Hachiya persimmon, in
When Commodore Matthew C. Perry sailed to Japan in 1854, he came bearing gifts. Among other things, Perry brought with him a barrel of whiskey, more than a few casks of wine, Audubon’s Birds of America, a quantity of cherry cordials, and four bundles of telegraph wires. In addition to “opening” Japan to foreign trade, Commodore Perry can boast also of bringing the hachiya persimmon to the United States. Americans were already familiar with the Virginian and Texan versions of the persimmon. In his 1624 General History of Virginia, Captain John Smith described his experience with the fruit: “If it not be ripe it will draw a man’s mouth awry with much torment. But when it is ripe, it is as delicious as an apricot.” Anyone who has eaten an unripe hachiya persimmon will understand what Captain Smith is referring to. My first persimmon wasn’t quite ripe, and the memory of that tormenting astringency has stayed with me ever since. In recent years, the hachiya has been overtaken by the non-astringent fuyu, with a lack of tannins that has made them the most popular variety of persimmon in the United States and Japan. I’m all for variety, but I fear that in our collective desire for immediate persimmon gratification we could lose a varietal whose exquisite taste also teaches a valuable lesson in patience.

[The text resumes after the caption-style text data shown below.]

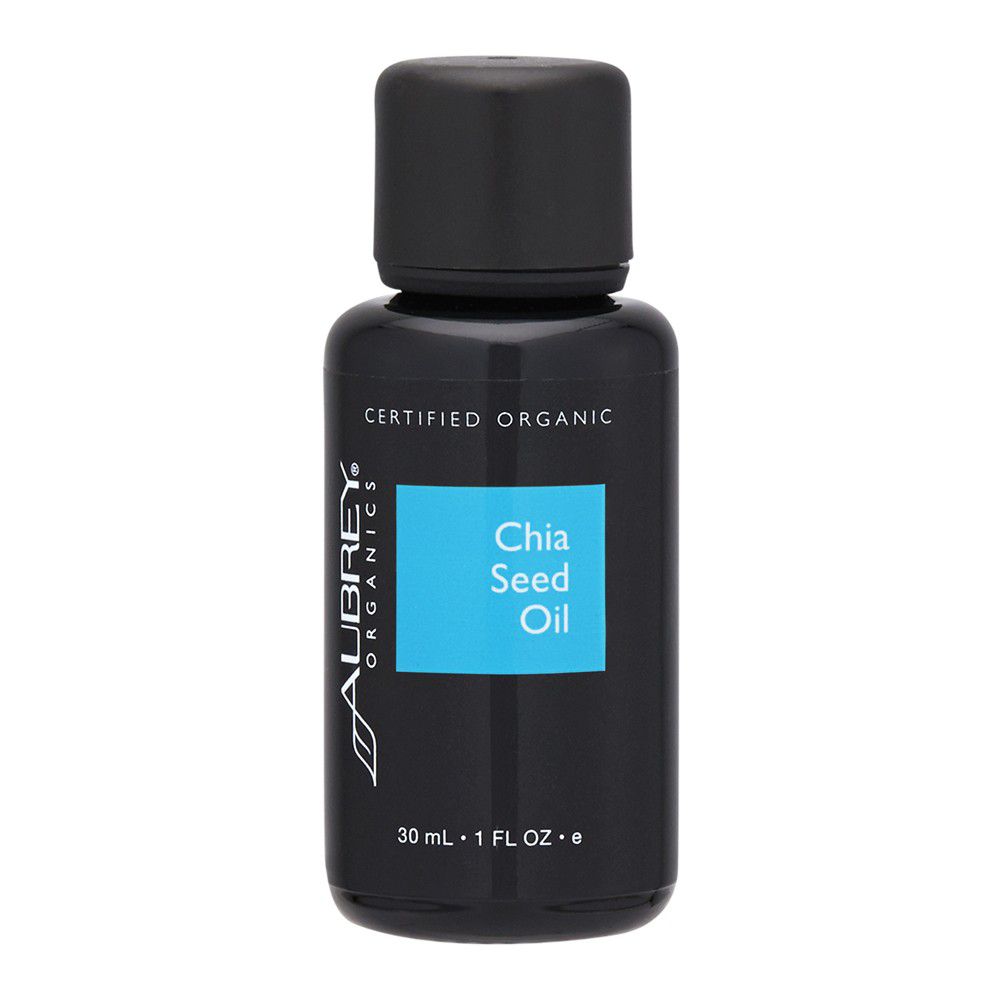 チアシード オイル(オーガニック認定) 30ml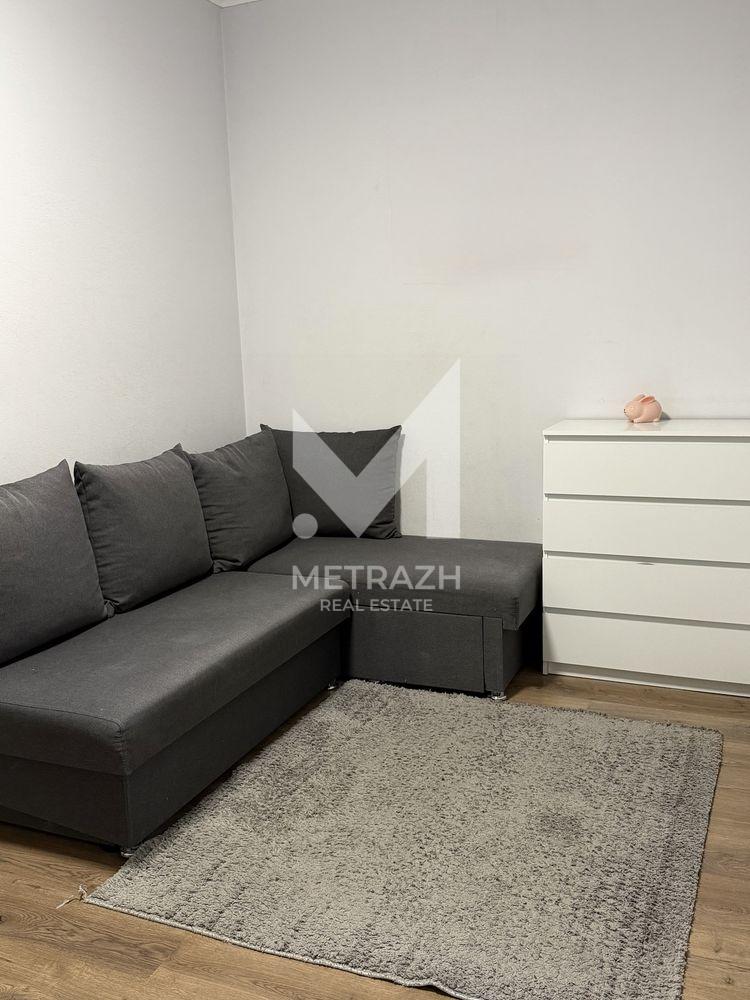 Sale 1-room apartment 41 m², Сім'ї Кульженків, ЖК Яскравий • ID 7411 — photo 5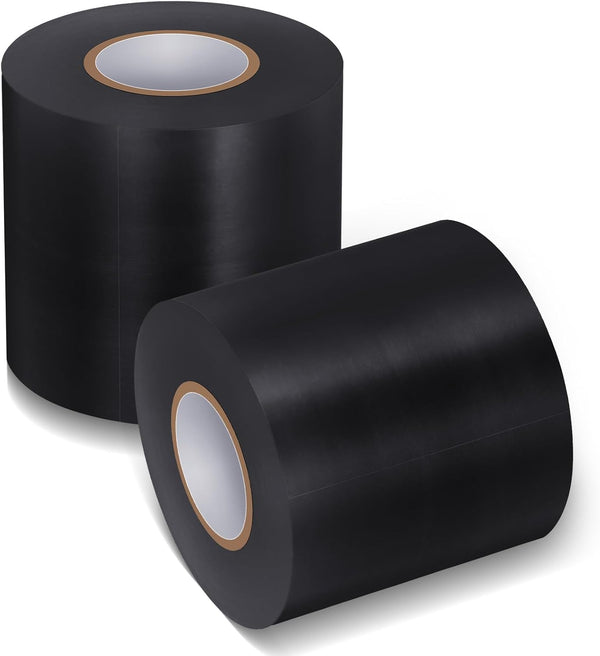 Pangda Wrestling Mat Tape 3 or 4 Inch Heavy Duty 7 Mil PVC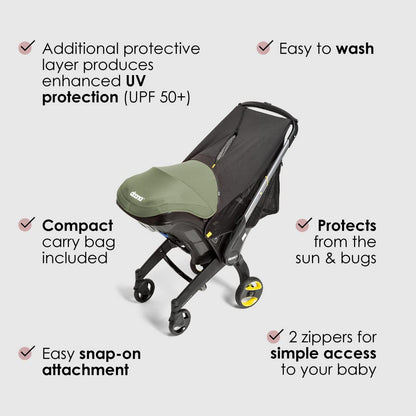 Doona 360° Protection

And that is why I decided last week at the farmer’s market to eschew the fuyus, lined up hard and squat like an army of mutant tomatoes. I found one farmer selling the larger, acorn-shaped hachiyas (which used to account for the majority of persimmons consumed in the United States) and bought one. He told me it would take a week or two to ripen. I smiled and said that I was ready to wait. It’s been more than a week now and the persimmon is only a touch softer then when I brought it home. Bright orange and topped with a four pointed stem, it stares at me from the bottom of my fruit bowl, taunting me with its sloth. In the meantime, I admit, I have eaten a few fuyus. But every time I crunch into one I feel guilty, knowing that my choice is just another nail in the coffin of a bygone era. It’s a feeling not unlike the one I get when I read the New York Times online, when I ignore my local bookstore for a cheaper copy on Amazon or Alibris.
I have decided to take a stand. No more fuyu persimmons for me. This fall, I’m a hachiya man.